**Data provided:**
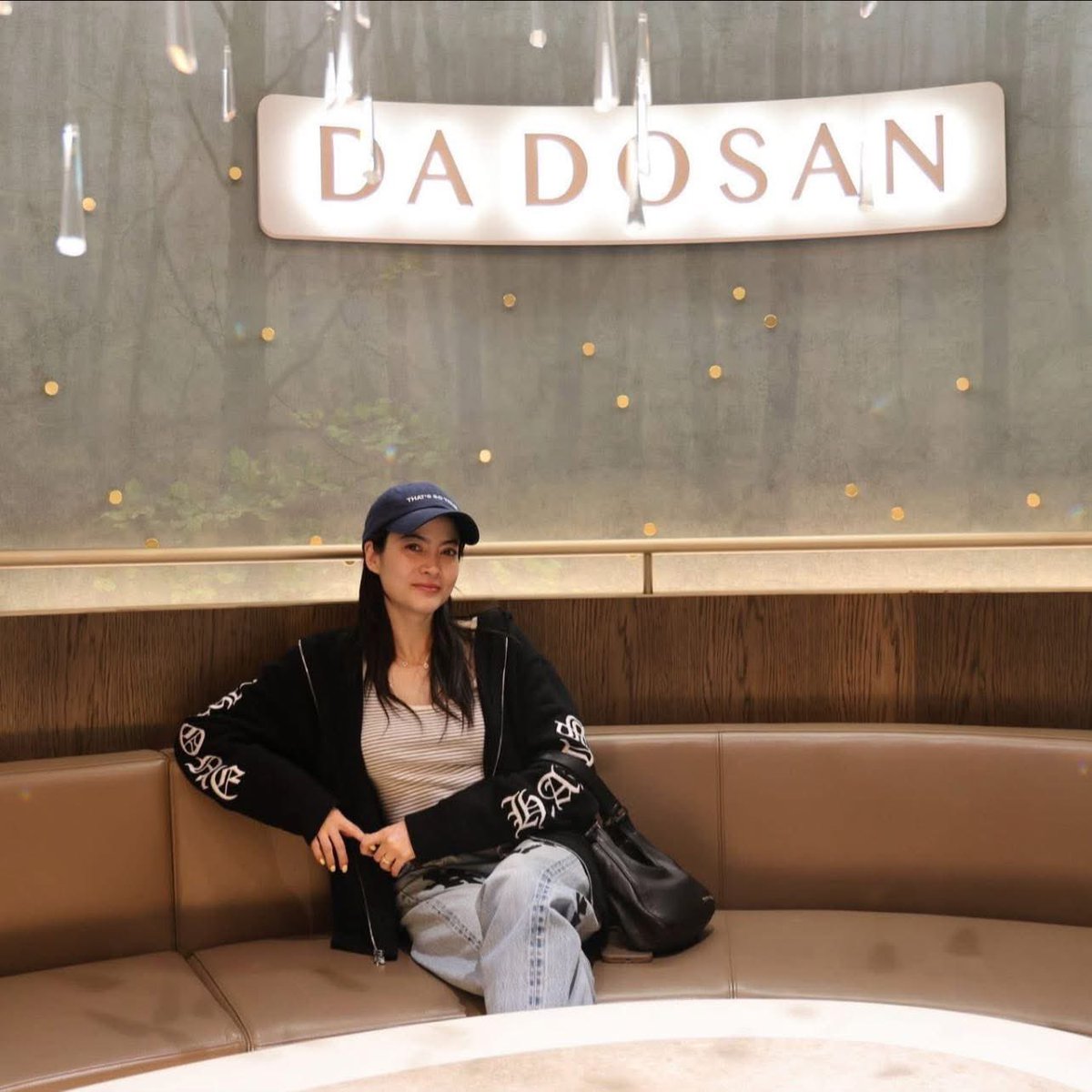 DAofficialTH's tweet photo. ขอขอบคุณ “คุณมาร์กี้ ราศรี” ดารา นักแสดงมากความสามารถ ที่เข้ามาดูแลผิวหน้าที่ DA DOSAN 💖🙏🏼
#โรงพยาบาลดีเอ #DAdosan #คลินิกผิวแบบลัคชู #มาร์กี้ราศรี https://t.co/yQfuRZtNLb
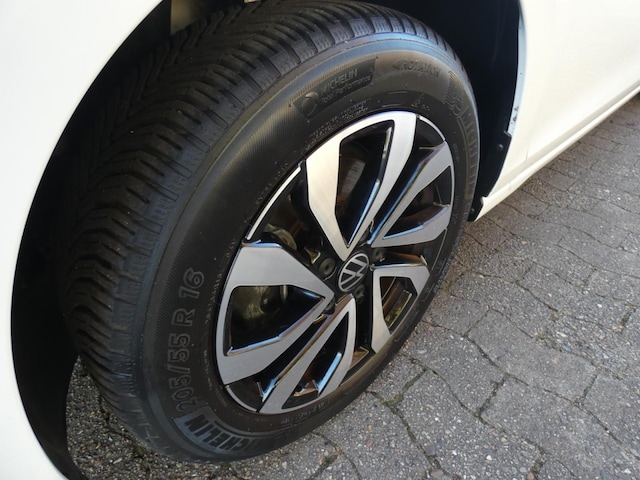 Volkswagen Golf 1.5 eTSI DSG Golf VIII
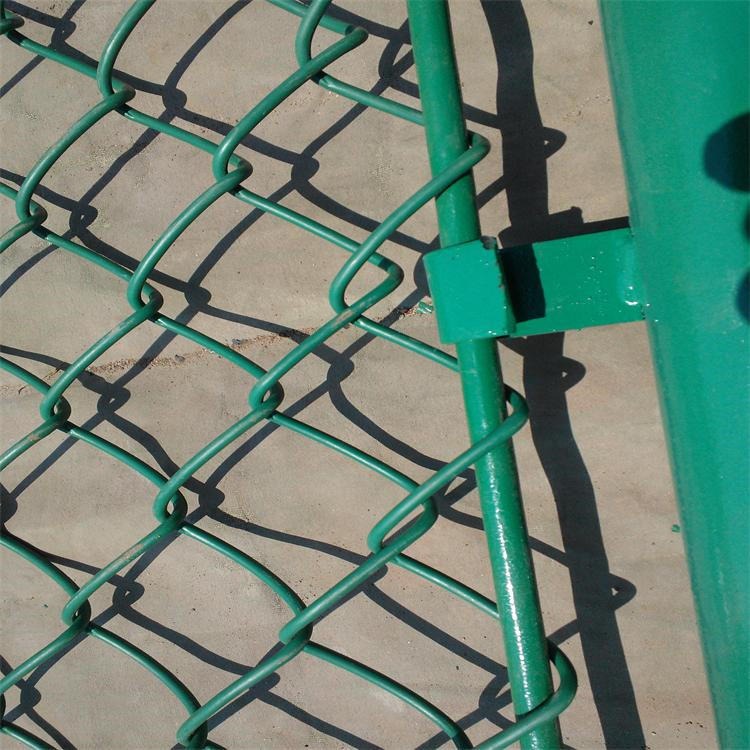 迅鹰 篮球场足球场网球场羽毛球场棒球场围网护栏网隔离网防护网  生产厂家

**Instructions to follow:**
Once the line containing "#โรงพยาบาลดีเอ #DAdosan #คลินิกผิวแบบลัคชู" is found, transcribe it and the rest of the lines to the end of the listing above exactly, omitting all pictures.

**The completed task:**
#โรงพยาบาลดีเอ #DAdosan #คลินิกผิวแบบลัคชู #มาร์กี้ราศรี https://t.co/yQfuRZtNLb
 Volkswagen Golf 1.5 eTSI DSG Golf VIII
 迅鹰 篮球场足球场网球场羽毛球场棒球场围网护栏网隔离网防护网  生产厂家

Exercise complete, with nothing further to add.